Dataset excerpts:
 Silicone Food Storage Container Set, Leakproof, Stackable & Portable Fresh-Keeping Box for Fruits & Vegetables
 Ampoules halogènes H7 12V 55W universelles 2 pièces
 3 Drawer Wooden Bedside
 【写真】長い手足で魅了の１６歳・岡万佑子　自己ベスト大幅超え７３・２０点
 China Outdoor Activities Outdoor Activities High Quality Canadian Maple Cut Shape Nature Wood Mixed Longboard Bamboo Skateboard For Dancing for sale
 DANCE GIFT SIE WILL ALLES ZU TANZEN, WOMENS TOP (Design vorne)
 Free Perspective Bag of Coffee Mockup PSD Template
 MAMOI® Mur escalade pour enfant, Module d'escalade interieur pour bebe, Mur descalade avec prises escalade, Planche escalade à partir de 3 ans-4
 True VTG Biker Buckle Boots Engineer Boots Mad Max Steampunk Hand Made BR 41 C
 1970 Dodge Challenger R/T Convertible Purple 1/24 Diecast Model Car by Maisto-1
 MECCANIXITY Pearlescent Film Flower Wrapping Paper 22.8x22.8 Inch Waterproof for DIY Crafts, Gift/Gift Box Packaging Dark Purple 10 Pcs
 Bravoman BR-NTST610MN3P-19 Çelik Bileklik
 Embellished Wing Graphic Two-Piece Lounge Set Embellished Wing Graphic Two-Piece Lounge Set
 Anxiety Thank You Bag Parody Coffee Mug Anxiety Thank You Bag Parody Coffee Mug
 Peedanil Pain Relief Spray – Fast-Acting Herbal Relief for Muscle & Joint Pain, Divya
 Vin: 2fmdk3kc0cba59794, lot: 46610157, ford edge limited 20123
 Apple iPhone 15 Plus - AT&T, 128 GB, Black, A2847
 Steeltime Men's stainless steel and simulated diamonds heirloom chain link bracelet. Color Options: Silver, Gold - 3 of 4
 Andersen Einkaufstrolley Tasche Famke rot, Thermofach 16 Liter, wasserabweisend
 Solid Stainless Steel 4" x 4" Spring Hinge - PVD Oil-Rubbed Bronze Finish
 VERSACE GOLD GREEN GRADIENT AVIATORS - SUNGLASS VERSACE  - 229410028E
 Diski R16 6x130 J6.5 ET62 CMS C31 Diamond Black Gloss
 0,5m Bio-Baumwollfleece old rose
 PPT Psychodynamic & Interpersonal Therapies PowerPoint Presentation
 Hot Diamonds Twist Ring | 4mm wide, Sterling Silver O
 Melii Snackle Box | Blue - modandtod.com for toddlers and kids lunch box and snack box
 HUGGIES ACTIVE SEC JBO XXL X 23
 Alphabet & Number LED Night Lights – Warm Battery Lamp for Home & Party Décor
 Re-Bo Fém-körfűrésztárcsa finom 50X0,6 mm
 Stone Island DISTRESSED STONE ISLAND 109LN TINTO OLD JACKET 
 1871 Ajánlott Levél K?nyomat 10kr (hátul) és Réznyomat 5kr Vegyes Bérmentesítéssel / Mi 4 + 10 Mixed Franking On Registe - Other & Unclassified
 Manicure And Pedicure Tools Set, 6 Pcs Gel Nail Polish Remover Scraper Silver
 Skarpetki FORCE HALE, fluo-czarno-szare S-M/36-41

About this task: Return each line among the entries that holds the word "Silver".

Written solution:
 Steeltime Men's stainless steel and simulated diamonds heirloom chain link bracelet. Color Options: Silver, Gold - 3 of 4
 Hot Diamonds Twist Ring | 4mm wide, Sterling Silver O
 Manicure And Pedicure Tools Set, 6 Pcs Gel Nail Polish Remover Scraper Silver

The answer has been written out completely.